+++ DATA SECTION

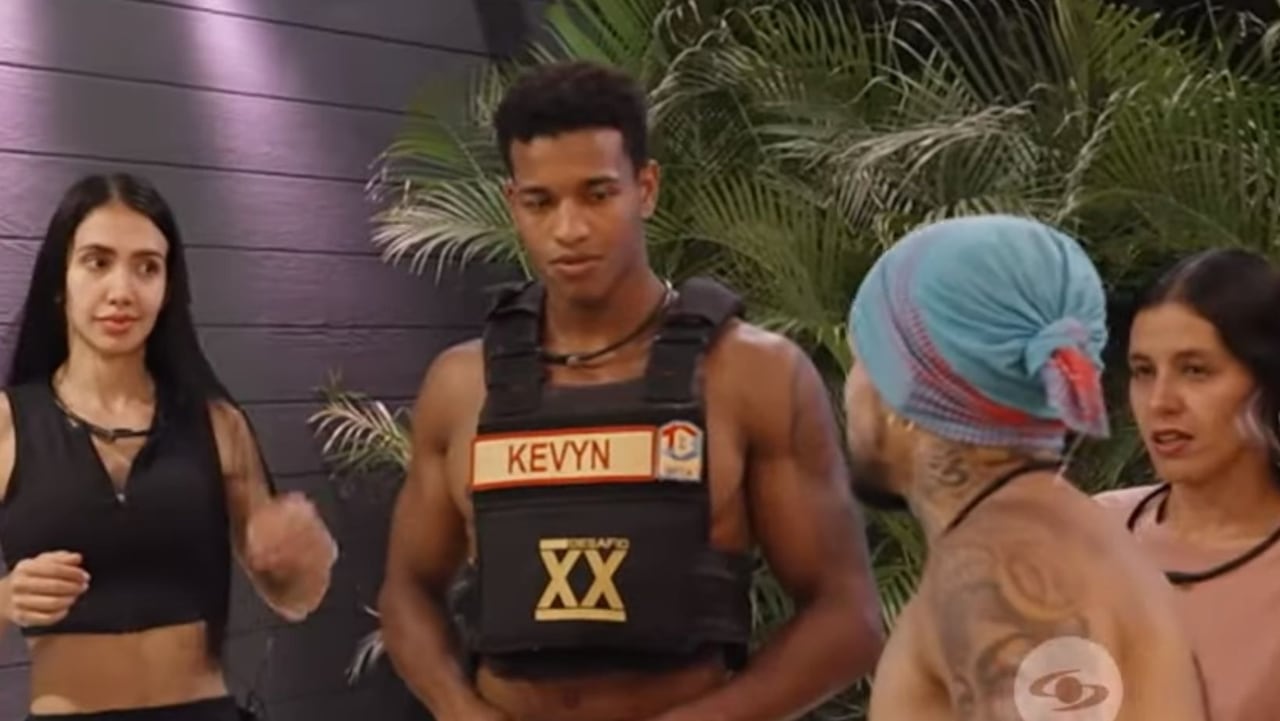 Tildan de "arrogante" a Kevyn del 'Desafío XX'; aseguran que "se le va cayendo la máscara"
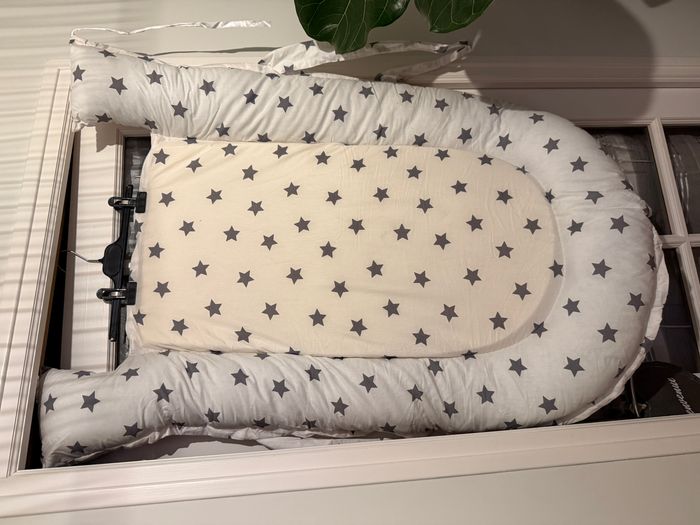 Cocon Nid Bébé / Réducteur de lit – MODA – étoiles gris - photo numéro 7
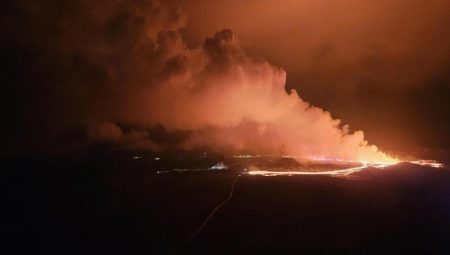 İzlanda’da yanardağ paniği! Akan lavlar Grindavik şehrine yaklaşıyor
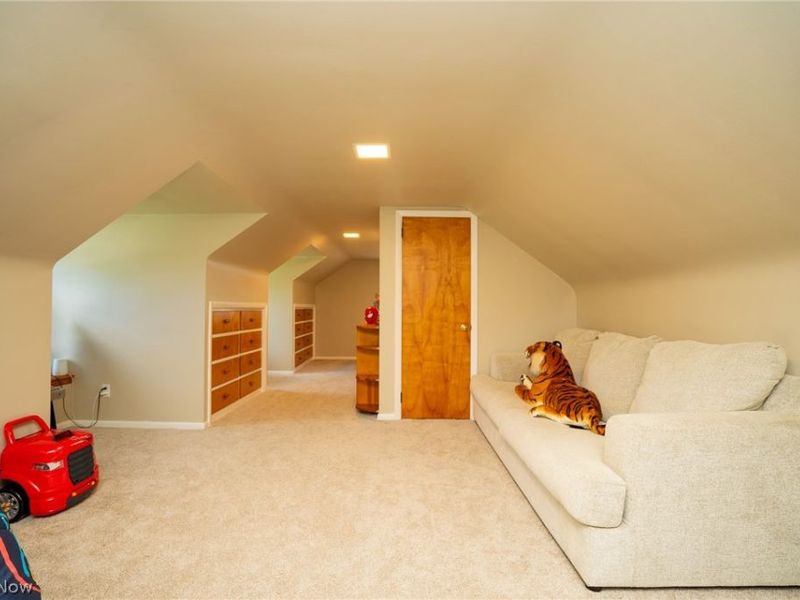 421 Wildwood Drive , Youngstown, OH 44512 Photo 15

++++++

**TASK BRIEF**
In your copy of the listing, please omit the pictures and keep every word exact.

**EXERCISE ANSWER**
 Tildan de "arrogante" a Kevyn del 'Desafío XX'; aseguran que "se le va cayendo la máscara"
 Cocon Nid Bébé / Réducteur de lit – MODA – étoiles gris - photo numéro 7
 İzlanda’da yanardağ paniği! Akan lavlar Grindavik şehrine yaklaşıyor
 421 Wildwood Drive , Youngstown, OH 44512 Photo 15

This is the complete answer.